Même 3 ans après, je l’ai toujours en travers de la gorge : comment a-t-on pu donner une palme d’or à ce truc ? Qu’on la donne à Chan-Wook Park pour Old Boy, à Wonk Kar-Wai pour 2047, à n’importe qui, mais pas à Michael Moore, pas pour un pseudo-documentaire à ce point détestable, démago et ridicule.

Pourtant, je n’avais rien contre Moore au début : j’avais bien aimé Roger Et Moi où il parlait du rapport entre la General Motors et Flint, sa ville natale. Mais à partir de Bowling For Columbine, nan vraiment, plus possible, comme si Karl Zéro était devenu américain en xxl.

En 2003, campagne électorale U.S. oblige, il voulut frapper un grand coup. Son nouveau cheval de bataille fut donc une croisade anti-bush : le grand chevalier blanc allait dire aux masses désinformées la grande vérité qu’on nous cache.



La cause était juste, vous me direz, c’est vrai dans un sens, mais de l’autre que dire de la manière ? Et c’est ça qui me dérange le plus, qui me fout la gerbe dans Fahrenheit 9/11, la manière dont Moore présente les choses.

Rien à dire lorsqu’il revient sur l’élection de Bush face à Al Gore, ça c’est l’intro, et ça fait jamais de mal, mais par la suite, ça devient du grand n’importe quoi. Les thèmes abordés sont plus qu’intéressants : les liens entre Bush et la famille Ben Laden, entre la Maison Blanche et l’Arabie Saoudite, la course à l’armement et ses bénéfices, la Guerre en Irak…

L’ennui, c’est que Moore établit des liens dans la forme, mais pas dans le fond, il colle tout bout à bout, passe du coq à l’âne sans la moindre analyse, parallèles douteuses, raccourcis en tout genre, populisme primaire, tout se mélange sans le moindre discernement. Pourquoi s’embarrasser de détail, c’est un documentaire à charge ?



Et bien justement, au final, Fahrenheit 9/11 n’est pas crédible, et heureusement dans un sens. Pour moi, c’est la pire manière d’aborder la politique, une manière racoleuse, manipulatrice, et j’en passe. On simplifie tout, on met tout sur le même plan, on secoue, et puis ce qui compte c’est qu’il y’ait une réaction.

Ah oui c’est utile ? Pour qui ? Dominique Wolton disait qu’à travers les programmes que l’on propose, ce qui transparaît également c’est l’image que l’on se fait du spectateur. En ce sens, je trouve que Fahrenheit 9/11 est rabaissant pour les gens qui le regardent mais aussi pour les sujets abordés.

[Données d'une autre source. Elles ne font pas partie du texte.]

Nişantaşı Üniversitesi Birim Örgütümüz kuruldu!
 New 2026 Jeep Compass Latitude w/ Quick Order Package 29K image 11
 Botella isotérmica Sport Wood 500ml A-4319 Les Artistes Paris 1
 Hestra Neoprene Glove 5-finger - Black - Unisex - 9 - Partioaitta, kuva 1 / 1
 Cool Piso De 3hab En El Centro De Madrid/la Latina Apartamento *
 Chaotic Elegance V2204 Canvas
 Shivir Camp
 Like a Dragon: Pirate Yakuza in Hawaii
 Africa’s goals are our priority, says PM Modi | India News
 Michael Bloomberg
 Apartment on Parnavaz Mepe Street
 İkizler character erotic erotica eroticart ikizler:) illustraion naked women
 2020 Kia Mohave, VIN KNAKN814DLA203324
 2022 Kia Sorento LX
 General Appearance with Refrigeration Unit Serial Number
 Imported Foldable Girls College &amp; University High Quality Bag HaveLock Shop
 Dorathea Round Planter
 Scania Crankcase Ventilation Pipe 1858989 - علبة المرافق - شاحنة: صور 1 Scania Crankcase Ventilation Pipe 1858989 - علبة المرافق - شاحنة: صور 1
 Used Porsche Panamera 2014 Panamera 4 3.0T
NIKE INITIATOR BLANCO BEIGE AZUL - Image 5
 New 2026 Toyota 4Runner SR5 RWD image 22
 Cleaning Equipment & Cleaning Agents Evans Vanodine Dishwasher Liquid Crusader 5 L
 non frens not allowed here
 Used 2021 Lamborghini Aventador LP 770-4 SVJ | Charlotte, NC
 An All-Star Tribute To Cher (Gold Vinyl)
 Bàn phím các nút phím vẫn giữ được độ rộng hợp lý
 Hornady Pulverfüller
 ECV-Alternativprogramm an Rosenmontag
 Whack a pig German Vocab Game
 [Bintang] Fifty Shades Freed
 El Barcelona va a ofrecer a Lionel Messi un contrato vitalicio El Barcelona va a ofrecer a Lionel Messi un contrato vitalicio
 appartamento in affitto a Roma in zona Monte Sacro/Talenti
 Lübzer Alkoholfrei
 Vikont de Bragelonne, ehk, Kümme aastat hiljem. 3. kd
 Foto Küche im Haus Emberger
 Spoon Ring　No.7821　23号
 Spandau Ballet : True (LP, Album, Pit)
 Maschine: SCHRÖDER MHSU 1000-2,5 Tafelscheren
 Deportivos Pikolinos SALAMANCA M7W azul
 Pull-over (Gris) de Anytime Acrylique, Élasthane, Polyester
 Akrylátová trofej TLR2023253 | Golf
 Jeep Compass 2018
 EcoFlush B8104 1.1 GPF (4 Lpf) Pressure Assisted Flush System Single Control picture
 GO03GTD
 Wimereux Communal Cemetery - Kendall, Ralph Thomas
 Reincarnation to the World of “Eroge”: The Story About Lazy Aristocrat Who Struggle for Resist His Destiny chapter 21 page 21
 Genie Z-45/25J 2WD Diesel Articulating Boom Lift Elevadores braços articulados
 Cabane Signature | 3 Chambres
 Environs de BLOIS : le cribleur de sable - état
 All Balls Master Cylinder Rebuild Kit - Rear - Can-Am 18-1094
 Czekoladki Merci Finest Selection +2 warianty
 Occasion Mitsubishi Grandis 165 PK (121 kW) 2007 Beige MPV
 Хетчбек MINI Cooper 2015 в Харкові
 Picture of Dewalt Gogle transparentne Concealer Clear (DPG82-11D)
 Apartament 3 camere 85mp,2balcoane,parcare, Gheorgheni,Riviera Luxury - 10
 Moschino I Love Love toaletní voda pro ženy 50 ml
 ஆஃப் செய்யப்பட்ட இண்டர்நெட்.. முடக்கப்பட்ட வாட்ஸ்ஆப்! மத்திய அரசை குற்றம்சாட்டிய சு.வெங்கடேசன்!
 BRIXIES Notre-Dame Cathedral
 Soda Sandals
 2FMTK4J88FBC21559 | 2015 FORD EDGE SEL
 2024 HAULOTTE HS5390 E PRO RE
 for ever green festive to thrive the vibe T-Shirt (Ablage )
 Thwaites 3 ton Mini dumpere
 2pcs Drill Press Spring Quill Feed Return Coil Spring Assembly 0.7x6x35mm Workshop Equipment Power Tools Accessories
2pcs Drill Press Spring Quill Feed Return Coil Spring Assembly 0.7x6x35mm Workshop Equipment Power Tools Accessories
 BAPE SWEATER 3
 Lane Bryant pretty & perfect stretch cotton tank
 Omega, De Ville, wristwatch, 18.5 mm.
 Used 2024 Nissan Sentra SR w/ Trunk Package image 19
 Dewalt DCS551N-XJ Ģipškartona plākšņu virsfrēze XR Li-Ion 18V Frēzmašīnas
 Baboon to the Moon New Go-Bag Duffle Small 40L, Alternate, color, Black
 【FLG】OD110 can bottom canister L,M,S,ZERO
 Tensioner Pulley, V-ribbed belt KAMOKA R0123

J’ai l’impression d’être un vieux réac en disant tout ça, mais vraiment je ne supporte pas cette démarche, c’est épidermique.

On va finir par une phrase que j’ai souvent entendu lorsque je m’en prenais à ce documentaire : « la fin justifie les moyens ». Alors, à la fin, Bush a été réélu dans un fauteuil et Fahrenheit 9/11 a rapporté 220 millions de dollars. On a qu’à dire que tout le monde est content.

Par etienne - Publié dans : documentaire (milk shake)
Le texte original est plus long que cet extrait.